There’s grit in them docks

Some personal reflections on the new-ish City Hall’s surroundings.

Truth be told, I was sad to leave the old City Hall behind. I liked its circular wisdom, its windows forever in need of a clean. Above all, I loved the location, on the river next to surely the most iconic bridge in the world. Where was this Royal Docks we were moving to? What was it?

I felt like a tourist going to work on my first trip to the Crystal. The DLR stop of West Silvertown sounded like an outpost from a Hollywood western. And, on first glimpse, looked like a desert. A semi-industrial desert. But then, a stranger vista, on arriving at the docks. Gigantic cranes, no longer in use. Low-flying planes. Cable cars moving hypnotically back and forth. A solitary wakeboarder. And, catching the light, all low-slung glamour, the rakishly angled Crystal. It made me want to find out more.

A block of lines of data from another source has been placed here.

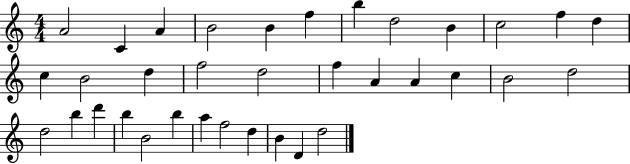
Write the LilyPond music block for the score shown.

{
  \clef treble
  \numericTimeSignature
  \time 4/4
  \key c \major
  a'2 c'4 a'4 | b'2 b'4 f''4 | b''4 d''2 b'4 | c''2 f''4 d''4 | \break c''4 b'2 d''4 | f''2 d''2 | f''4 a'4 a'4 c''4 | b'2 d''2 | \break d''2 b''4 d'''4 | b''4 b'2 b''4 | a''4 f''2 d''4 | b'4 d'4 d''2 | \break \bar "|."
}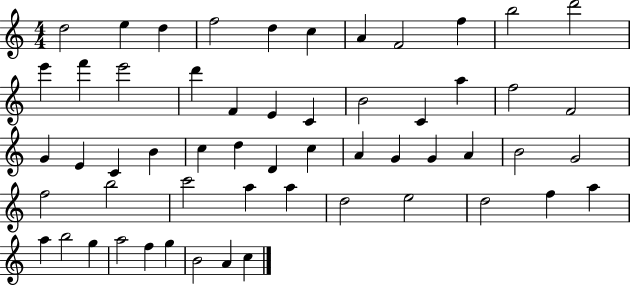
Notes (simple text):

D5/h E5/q D5/q F5/h D5/q C5/q A4/q F4/h F5/q B5/h D6/h E6/q F6/q E6/h D6/q F4/q E4/q C4/q B4/h C4/q A5/q F5/h F4/h G4/q E4/q C4/q B4/q C5/q D5/q D4/q C5/q A4/q G4/q G4/q A4/q B4/h G4/h F5/h B5/h C6/h A5/q A5/q D5/h E5/h D5/h F5/q A5/q A5/q B5/h G5/q A5/h F5/q G5/q B4/h A4/q C5/q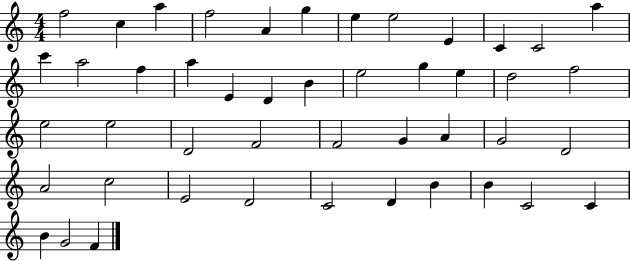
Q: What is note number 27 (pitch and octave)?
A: D4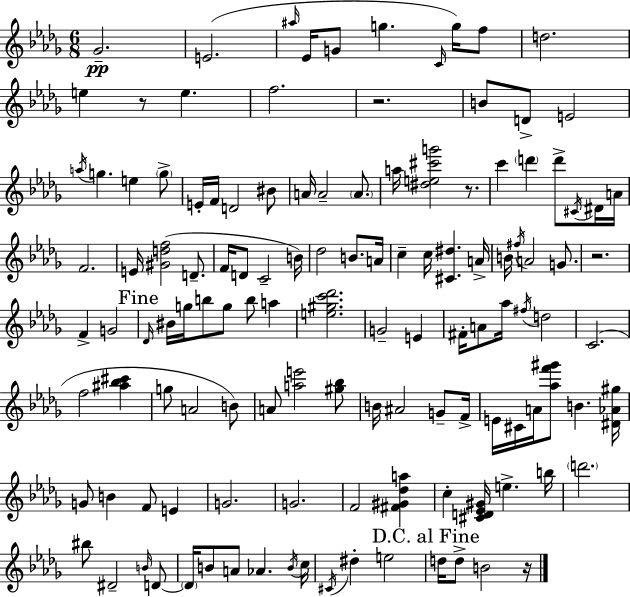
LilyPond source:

And so, with the zeal of a convert, I delved into the Googleverse and assembled a few eclectic facts about the area.

When first opened, in 1855, the Royal Docks were the biggest and deepest in the world. An engineering marvel, they were built out of marshland to accommodate the huge steamships that serviced the empire. Outside London’s planning laws of the time, the area was known as ‘a place of refuge for offensive trade establishments’. These included ‘oil-boilers, gut-spinners, varnish-makers, printers’ ink-makers and the like’ according to the magazine ‘Household Words’ edited by Charles Dickens.

One such establishment would have belonged to businessman Samuel Silver, who made his fortune in waterproof clothing. His name lives on in the eponymous Silvertown. Silver’s factories, situated on the edge of the docks, used imports of India rubber from South America and a substance called ‘gutta percha’ from Malaysia. Gutta percha, a natural plastic from the percha tree, became a household name in Victorian England and was used in the manufacture of everything from golf balls to ear trumpets to underwater telegraph cables.

The factories were bombed during WWII.

Meanwhile, the docks were used to build portable harbours to assist with the Normandy landings. The concrete pontoons were built in secret before being transported to France to enable ships to dock at the invasion beachheads.

Eighty years on from D-Day, the NHS Nightingale Hospital, housed in the ExCel Exhibition Centre overlooking the docks, stepped up in another moment of national crisis.

Also installed during the pandemic, Laura Ford’s sculpture of a bird boy, alone in an expanse of water, is a poignant reminder of those times, and a photogenic magnet for ducks and pigeons.

From marshy outlier to industrial hub to symbol of national resilience to the seat of London’s government. There’s grit in them docks.